Down to the last line, set down the material below exactly, excluding pictures.

━━ Supplied information ━━

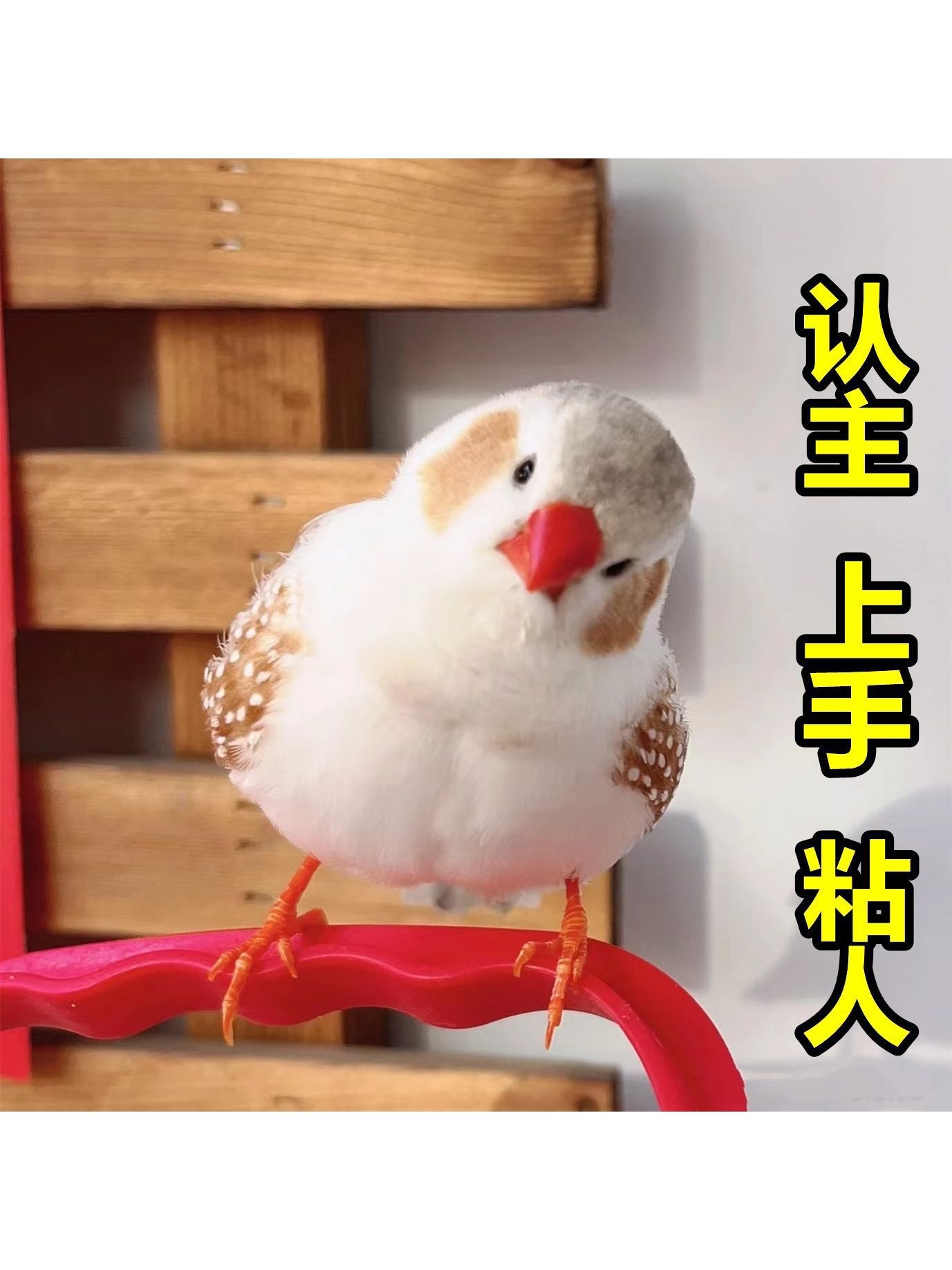 珍珠鸟宠物活物斑胸草雀灰白珍珠活鸟萌宠物鸟一对小鸟活木质其他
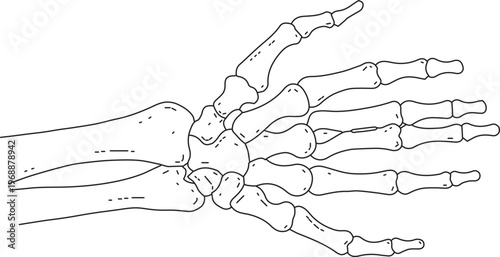 Human Hand Bones Structure Dorsal View Skeleton Line Art Vector Diagram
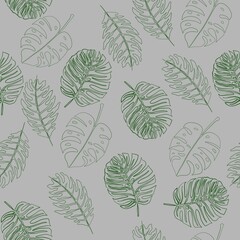 Fototapeta premium abstract pattern with botanical monstera design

━━━

__Answer for the task__
 珍珠鸟宠物活物斑胸草雀灰白珍珠活鸟萌宠物鸟一对小鸟活木质其他
 Human Hand Bones Structure Dorsal View Skeleton Line Art Vector Diagram
 Fototapeta premium abstract pattern with botanical monstera design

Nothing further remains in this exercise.